## How to complete this task:
Copy out the whole listing below exactly.

[Raw data]

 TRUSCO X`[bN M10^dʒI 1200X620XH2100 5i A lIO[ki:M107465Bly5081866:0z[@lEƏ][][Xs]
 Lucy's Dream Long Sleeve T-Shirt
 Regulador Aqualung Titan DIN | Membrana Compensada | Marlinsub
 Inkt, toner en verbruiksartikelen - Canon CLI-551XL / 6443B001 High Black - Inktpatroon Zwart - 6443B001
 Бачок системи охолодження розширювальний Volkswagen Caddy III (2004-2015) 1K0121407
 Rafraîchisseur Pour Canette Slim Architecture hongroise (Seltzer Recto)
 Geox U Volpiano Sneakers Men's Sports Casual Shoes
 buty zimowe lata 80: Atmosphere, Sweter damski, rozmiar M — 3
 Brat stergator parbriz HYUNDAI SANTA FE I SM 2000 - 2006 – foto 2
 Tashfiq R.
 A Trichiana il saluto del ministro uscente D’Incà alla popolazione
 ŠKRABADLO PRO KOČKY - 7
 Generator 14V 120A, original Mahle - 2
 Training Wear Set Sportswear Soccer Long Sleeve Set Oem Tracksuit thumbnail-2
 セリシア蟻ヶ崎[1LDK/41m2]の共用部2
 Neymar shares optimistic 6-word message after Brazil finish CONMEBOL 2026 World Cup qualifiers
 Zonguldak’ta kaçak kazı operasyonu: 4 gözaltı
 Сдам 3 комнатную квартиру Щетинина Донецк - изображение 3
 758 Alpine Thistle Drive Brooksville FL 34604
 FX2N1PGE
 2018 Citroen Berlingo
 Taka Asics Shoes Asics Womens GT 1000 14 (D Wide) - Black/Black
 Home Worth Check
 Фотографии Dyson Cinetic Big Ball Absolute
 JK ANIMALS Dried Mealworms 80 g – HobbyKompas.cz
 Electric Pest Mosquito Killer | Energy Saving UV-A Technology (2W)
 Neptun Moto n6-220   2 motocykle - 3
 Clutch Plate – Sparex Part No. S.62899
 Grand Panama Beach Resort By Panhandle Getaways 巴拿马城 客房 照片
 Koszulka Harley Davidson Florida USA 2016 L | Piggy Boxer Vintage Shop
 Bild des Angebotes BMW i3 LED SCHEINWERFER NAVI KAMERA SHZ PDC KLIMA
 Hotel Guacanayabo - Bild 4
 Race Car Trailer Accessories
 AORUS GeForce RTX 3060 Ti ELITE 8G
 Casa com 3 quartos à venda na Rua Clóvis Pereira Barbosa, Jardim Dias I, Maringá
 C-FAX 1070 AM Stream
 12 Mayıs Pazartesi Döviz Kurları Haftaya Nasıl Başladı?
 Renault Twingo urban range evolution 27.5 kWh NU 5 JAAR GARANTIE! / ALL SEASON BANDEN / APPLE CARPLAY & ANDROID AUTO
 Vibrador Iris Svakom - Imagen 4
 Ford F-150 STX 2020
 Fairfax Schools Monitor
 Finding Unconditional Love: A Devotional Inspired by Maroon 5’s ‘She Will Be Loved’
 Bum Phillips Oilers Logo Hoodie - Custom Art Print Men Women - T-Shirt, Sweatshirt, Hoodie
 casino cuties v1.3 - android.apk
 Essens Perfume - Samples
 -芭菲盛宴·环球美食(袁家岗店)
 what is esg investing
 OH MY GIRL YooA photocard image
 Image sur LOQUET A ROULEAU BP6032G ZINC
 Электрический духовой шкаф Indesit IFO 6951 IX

[/Raw data]

## Exercise output:
 TRUSCO X`[bN M10^dʒI 1200X620XH2100 5i A lIO[ki:M107465Bly5081866:0z[@lEƏ][][Xs]
 Lucy's Dream Long Sleeve T-Shirt
 Regulador Aqualung Titan DIN | Membrana Compensada | Marlinsub
 Inkt, toner en verbruiksartikelen - Canon CLI-551XL / 6443B001 High Black - Inktpatroon Zwart - 6443B001
 Бачок системи охолодження розширювальний Volkswagen Caddy III (2004-2015) 1K0121407
 Rafraîchisseur Pour Canette Slim Architecture hongroise (Seltzer Recto)
 Geox U Volpiano Sneakers Men's Sports Casual Shoes
 buty zimowe lata 80: Atmosphere, Sweter damski, rozmiar M — 3
 Brat stergator parbriz HYUNDAI SANTA FE I SM 2000 - 2006 – foto 2
 Tashfiq R.
 A Trichiana il saluto del ministro uscente D’Incà alla popolazione
 ŠKRABADLO PRO KOČKY - 7
 Generator 14V 120A, original Mahle - 2
 Training Wear Set Sportswear Soccer Long Sleeve Set Oem Tracksuit thumbnail-2
 セリシア蟻ヶ崎[1LDK/41m2]の共用部2
 Neymar shares optimistic 6-word message after Brazil finish CONMEBOL 2026 World Cup qualifiers
 Zonguldak’ta kaçak kazı operasyonu: 4 gözaltı
 Сдам 3 комнатную квартиру Щетинина Донецк - изображение 3
 758 Alpine Thistle Drive Brooksville FL 34604
 FX2N1PGE
 2018 Citroen Berlingo
 Taka Asics Shoes Asics Womens GT 1000 14 (D Wide) - Black/Black
 Home Worth Check
 Фотографии Dyson Cinetic Big Ball Absolute
 JK ANIMALS Dried Mealworms 80 g – HobbyKompas.cz
 Electric Pest Mosquito Killer | Energy Saving UV-A Technology (2W)
 Neptun Moto n6-220   2 motocykle - 3
 Clutch Plate – Sparex Part No. S.62899
 Grand Panama Beach Resort By Panhandle Getaways 巴拿马城 客房 照片
 Koszulka Harley Davidson Florida USA 2016 L | Piggy Boxer Vintage Shop
 Bild des Angebotes BMW i3 LED SCHEINWERFER NAVI KAMERA SHZ PDC KLIMA
 Hotel Guacanayabo - Bild 4
 Race Car Trailer Accessories
 AORUS GeForce RTX 3060 Ti ELITE 8G
 Casa com 3 quartos à venda na Rua Clóvis Pereira Barbosa, Jardim Dias I, Maringá
 C-FAX 1070 AM Stream
 12 Mayıs Pazartesi Döviz Kurları Haftaya Nasıl Başladı?
 Renault Twingo urban range evolution 27.5 kWh NU 5 JAAR GARANTIE! / ALL SEASON BANDEN / APPLE CARPLAY & ANDROID AUTO
 Vibrador Iris Svakom - Imagen 4
 Ford F-150 STX 2020
 Fairfax Schools Monitor
 Finding Unconditional Love: A Devotional Inspired by Maroon 5’s ‘She Will Be Loved’
 Bum Phillips Oilers Logo Hoodie - Custom Art Print Men Women - T-Shirt, Sweatshirt, Hoodie
 casino cuties v1.3 - android.apk
 Essens Perfume - Samples
 -芭菲盛宴·环球美食(袁家岗店)
 what is esg investing
 OH MY GIRL YooA photocard image
 Image sur LOQUET A ROULEAU BP6032G ZINC
 Электрический духовой шкаф Indesit IFO 6951 IX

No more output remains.